_TASK INPUTS:_
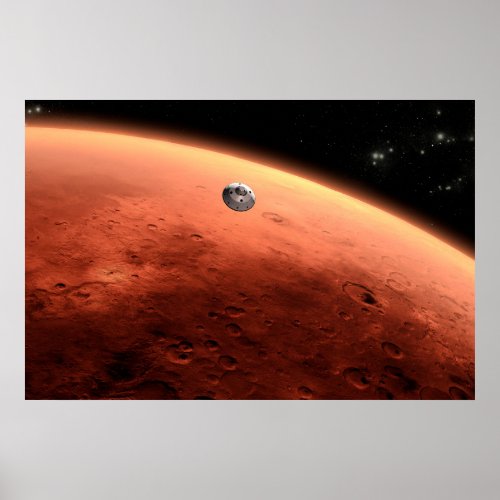 Mars Science Laboratory Approaching Mars Poster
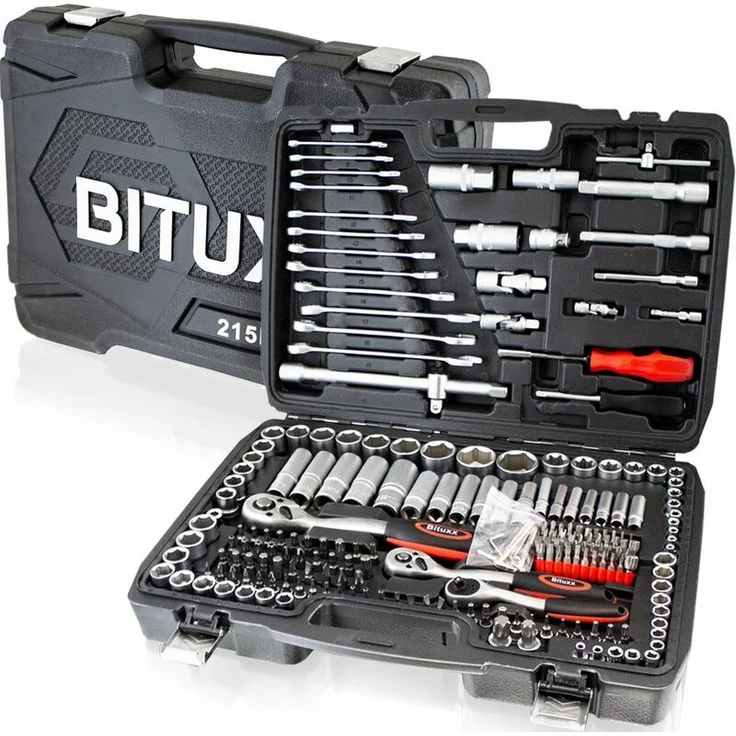 BITUXX Werkzeugkoffer 215 tlg Knarrenkasten Ratschenkasten Nusskasten Stecknuss Umfangreiches Set mit 1,2 1,4 3,8 Ratschen und Zubehör – Bild 1
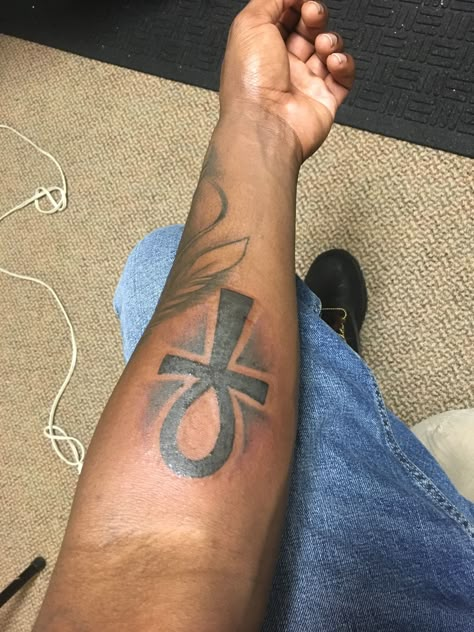 Ankh tattoo Ankh Hand Tattoo, Ankh Tattoo Sleeve, Ankh Tattoo Forearm, Anhk Tattoos Men, Ankh Tattoo Design For Men, Anhk Tattoos For Women, Ankh Neck Tattoo, Ankh Tattoo Men, The Ankh Tattoo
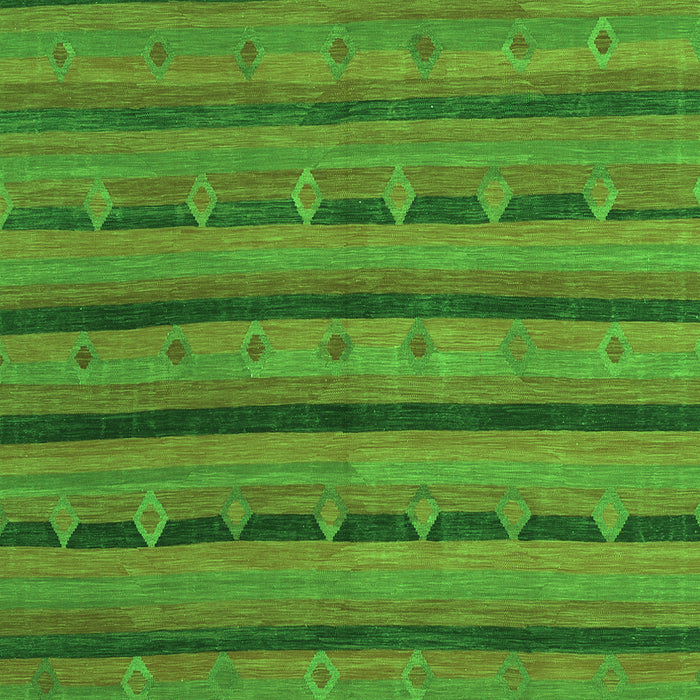 Serging Thickness of Machine Washable Abstract Green Contemporary Area Rugs, wshcon711grn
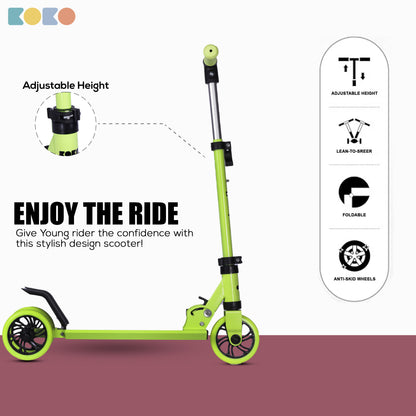 Refurbished Koko Rowdy Kick Skate Scooter with Adjustable Height and Portable, Kids Scooter with Led PVC Wheels for Age 3+ (Max User Weight: 50kg) (Green)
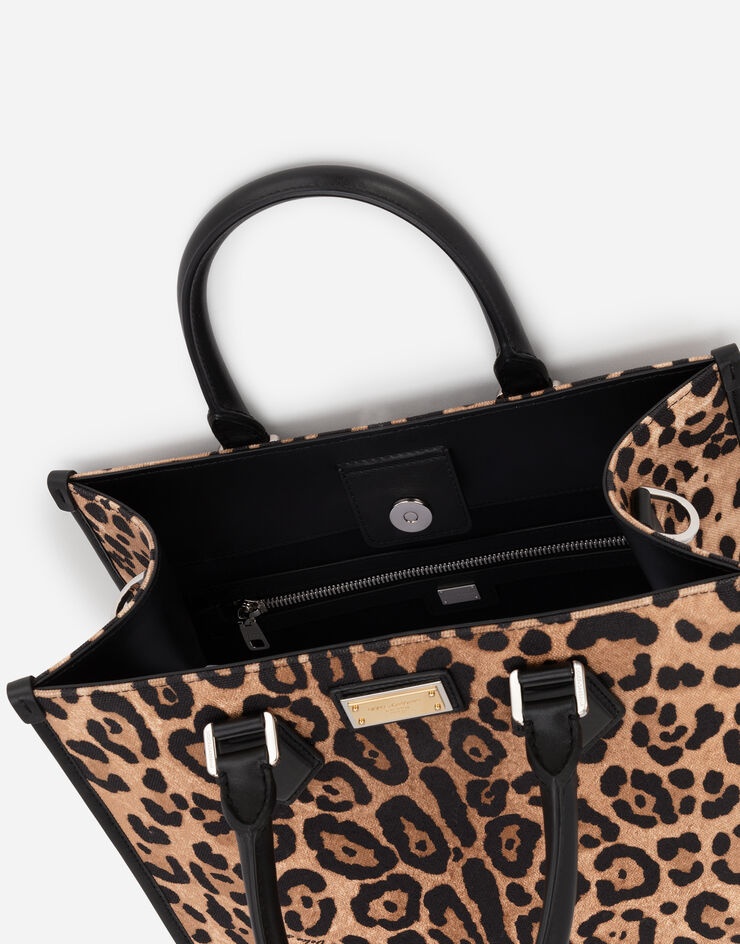 Leopard-print canvas shopper with calfskin nappa details - 5
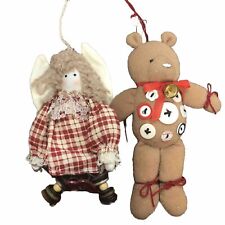 Primitive Rustic Country Christmas Ornaments W/ Buttons Angel & Bear Farmhouse picture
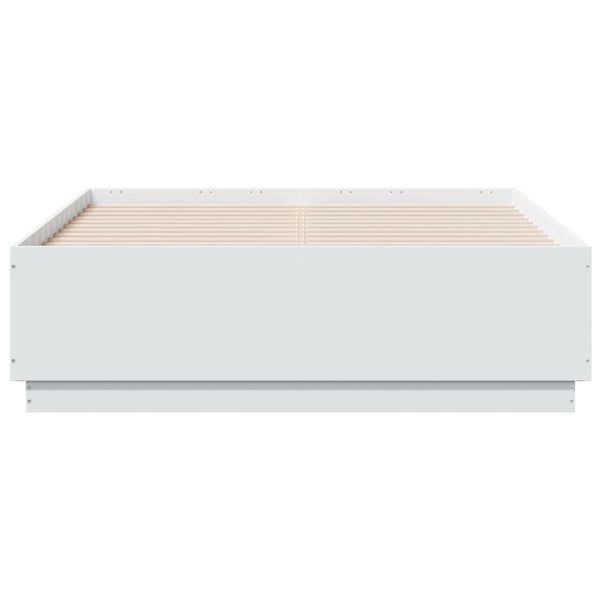 Bettgestell Weiß mit LED 140x190 cm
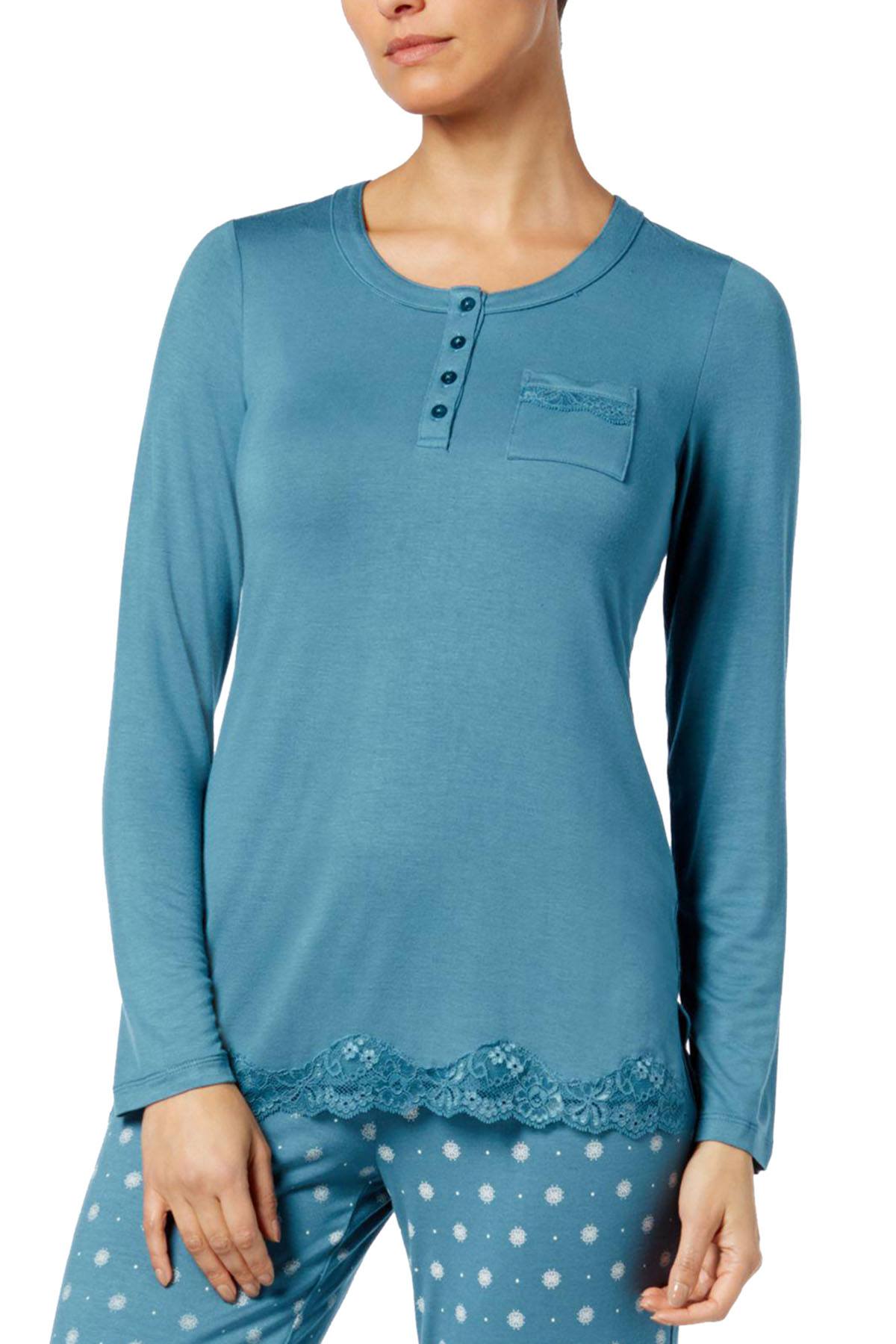 Alfani Lace Trim Lounge Tunic in Aqua Smoke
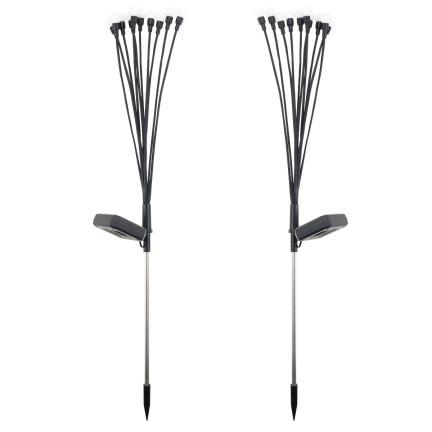 TG71287 SOLAR LAMPS SOLAR BALLS 10 led 2pc GARDEN STICKING STICKERS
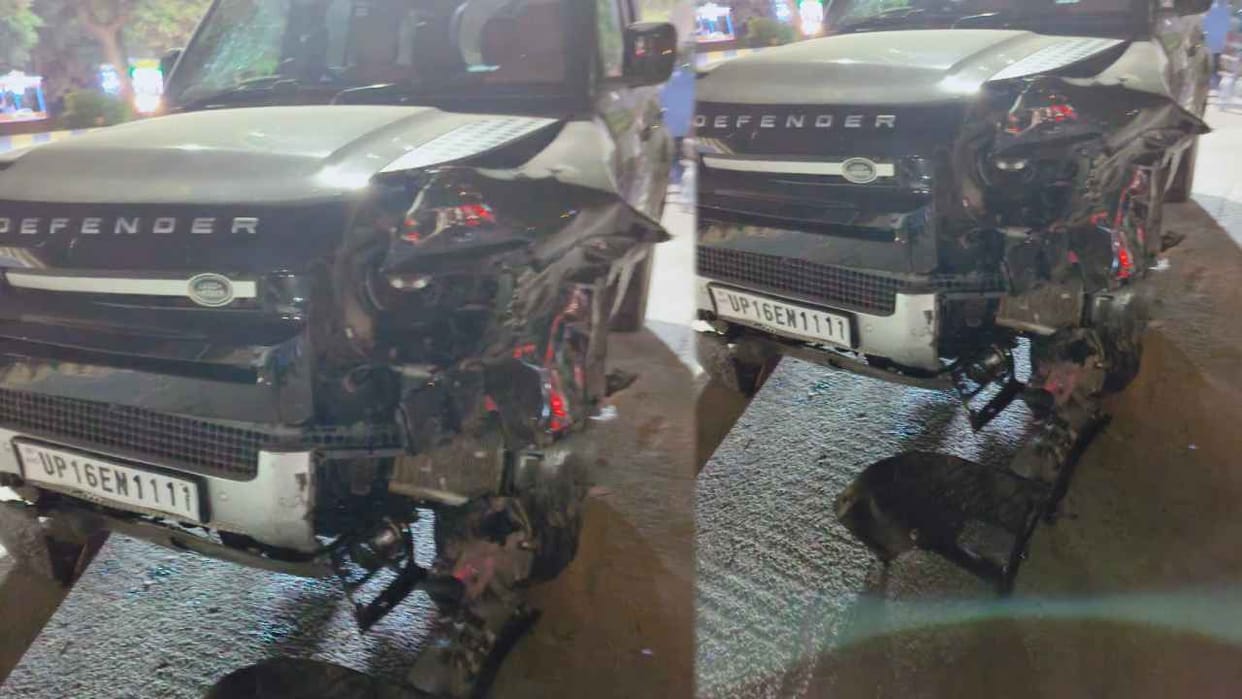 Noida Drunken Construction Businessman Defender Crashes into Six Vehicles video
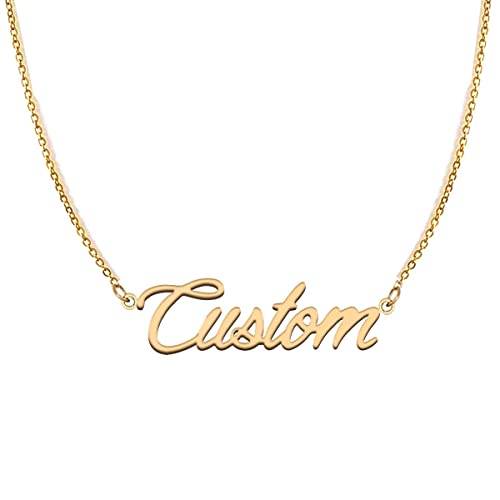 Cupimatch Collier Prénom Personnalisé en Acier Inoxydable avec Chaîne de 50cm,Bijoux Personnalisés pour Bon Cadeau Saint-Valentin Anniversaire Marriage - Doré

_WHAT TO PRODUCE:_ Pictures aside, reproduce all of the data exactly.

_TASK RESPONSE:_
 Mars Science Laboratory Approaching Mars Poster
 BITUXX Werkzeugkoffer 215 tlg Knarrenkasten Ratschenkasten Nusskasten Stecknuss Umfangreiches Set mit 1,2 1,4 3,8 Ratschen und Zubehör – Bild 1
 Ankh tattoo Ankh Hand Tattoo, Ankh Tattoo Sleeve, Ankh Tattoo Forearm, Anhk Tattoos Men, Ankh Tattoo Design For Men, Anhk Tattoos For Women, Ankh Neck Tattoo, Ankh Tattoo Men, The Ankh Tattoo
 Serging Thickness of Machine Washable Abstract Green Contemporary Area Rugs, wshcon711grn
 Refurbished Koko Rowdy Kick Skate Scooter with Adjustable Height and Portable, Kids Scooter with Led PVC Wheels for Age 3+ (Max User Weight: 50kg) (Green)
 Leopard-print canvas shopper with calfskin nappa details - 5
 Primitive Rustic Country Christmas Ornaments W/ Buttons Angel & Bear Farmhouse picture
 Bettgestell Weiß mit LED 140x190 cm
 Alfani Lace Trim Lounge Tunic in Aqua Smoke
 TG71287 SOLAR LAMPS SOLAR BALLS 10 led 2pc GARDEN STICKING STICKERS
 Noida Drunken Construction Businessman Defender Crashes into Six Vehicles video
 Cupimatch Collier Prénom Personnalisé en Acier Inoxydable avec Chaîne de 50cm,Bijoux Personnalisés pour Bon Cadeau Saint-Valentin Anniversaire Marriage - Doré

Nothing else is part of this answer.